Some of you may have noticed that my blogging has been a bit spotty lately. I've been having a little trouble keeping all the balls in the air, and my juggling act has just fallen apart--balls bouncing in every direction, it seems. I am trying to prioritize, with baby and school coming first, then cooking and housework, but things are just not getting done. I do delegate certain chores to the older kids (not easy--Una is the only one who doesn't make a long face when I ask for help), but there is so much--mending, ironing, banking, holiday purchases and plans--that they cannot do.
Yesterday Gemma went to the doctor for a check-up. Just in time for the checkup, she developed a puffy, red, teary eye. I can tell it bothers her, as she squints to open her good eye and tries to keep them both closed most of the time. Anyway, at the appointment it was noted that she is very light for her age and not really up to where she ought to be physically at 14 weeks. She is not rolling over yet or holding herself up on her elbows yet.
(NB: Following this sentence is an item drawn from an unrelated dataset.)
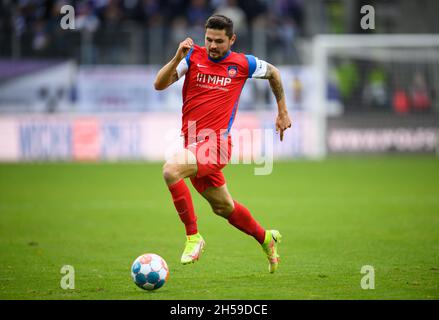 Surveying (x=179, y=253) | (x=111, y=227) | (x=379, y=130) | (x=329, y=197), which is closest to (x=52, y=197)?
(x=111, y=227)

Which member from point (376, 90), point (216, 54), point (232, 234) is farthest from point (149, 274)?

I am wondering if it is a nursing issue. Between the stress and the lack of sleep (6 hours or less a night due to insomnia on most nights), I don't know if I am producing what she needs. Which of course adds to the stress and insomnia. So I think a call to my midwife, and to an acquaintance who is a lactation consultant may be in order.
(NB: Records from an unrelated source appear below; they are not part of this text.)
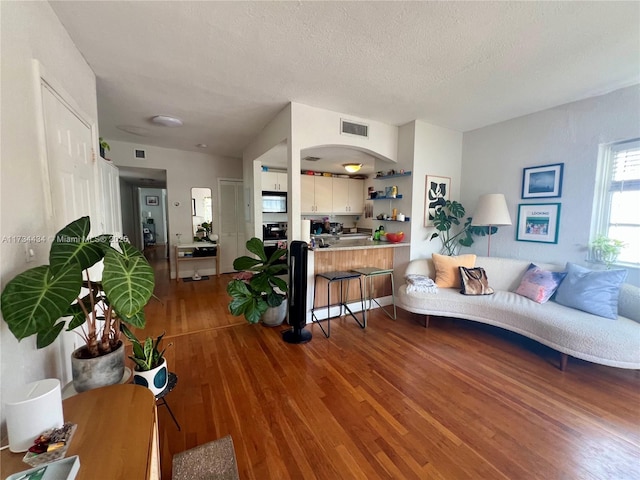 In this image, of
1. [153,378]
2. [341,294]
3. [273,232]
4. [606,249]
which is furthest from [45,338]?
[606,249]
After the two hours at the doctor, we went to buy a new fridge. Ours was in need of repair again, and we decided that we couldn't sink any more money into a 10 year-old fridge. So, off to spend nearly three times the Christmas budget. Last year it was my oven that went right before Christmas!
Say a prayer for me and for Gemma! So often in the past God has been good enough to answer the prayers of my friends and family and give me enormous strength in the midst of really trying situations. I know it came from Him, as I am not by nature so strong. I believe that at some point He will lift me up out of this blue funk and get me going.
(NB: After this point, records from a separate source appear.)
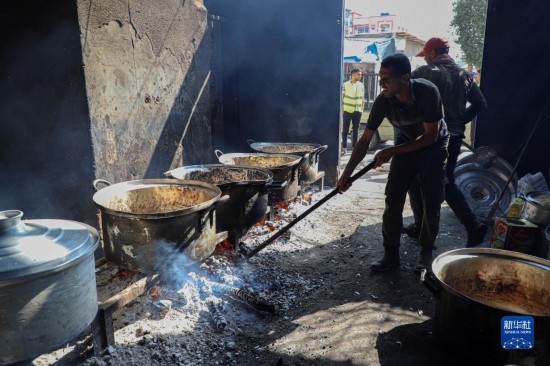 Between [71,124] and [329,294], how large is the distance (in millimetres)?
3024

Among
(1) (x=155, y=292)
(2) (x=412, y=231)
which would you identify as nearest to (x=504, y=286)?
(2) (x=412, y=231)

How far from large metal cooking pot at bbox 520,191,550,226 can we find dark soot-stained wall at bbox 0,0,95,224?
4.67 meters

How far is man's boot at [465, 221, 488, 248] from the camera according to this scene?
4918 mm

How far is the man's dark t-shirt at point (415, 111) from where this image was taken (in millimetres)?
3684

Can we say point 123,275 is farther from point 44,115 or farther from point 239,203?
point 44,115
I am sorry you are so bogged down. Let me know if there is anything I can do.
ReplyDeleteElizabeth D.
Thanks, Elizabeth--Just say an "Ave" for me, and I'll pray for you and yours, too!
ReplyDeletePraying for you! (and Gemma) I know those times....all too often. But it will start clicking again soon, hang in there. And I don't know why but appliances always go out during the holidays.....
ReplyDeleteOh Nadja, I know exactly how you feel. But I'm guessing you're a way better juggler than you think you are. You are always in my prayers. Hang in there, friend.
ReplyDeleteMay God bless you and keep you during this hard time your going through. I will definitely keep you in my prayers and offer up my day for you.
ReplyDeleteI am your age and have seven children ranging from 15 months to 22 years! (Plus, six little babies born into heaven.) The insomnia could be from stress... maybe even hormones (thinking of your age). I have not had a chance to explore your blog as much as I would like, but are you
ReplyDelete"sharing sleep" with your baby? She could just latch on during the night as often as she needs, and you could sleep through the nursings, stirring only to help her latch on if need be. I do not know if this is helpful, but babies who are failing to thrive will often benefit greatly from sharing sleep with their mama. Make sure you are eating well, too! You are in my prayers! JMJ
Thanks, all!
ReplyDeleteAnd Annita, I do sleep with Gemma. I actually sleep better if she is in her co-sleeper in between feedings, but that doesn't always happen!
I'm sorry you are struggling. I'll be praying for you and your family.
ReplyDeleteMy husband and I will add you and your family to our Rosary tonight!
ReplyDeleteHope you're enjoying your new fridge :).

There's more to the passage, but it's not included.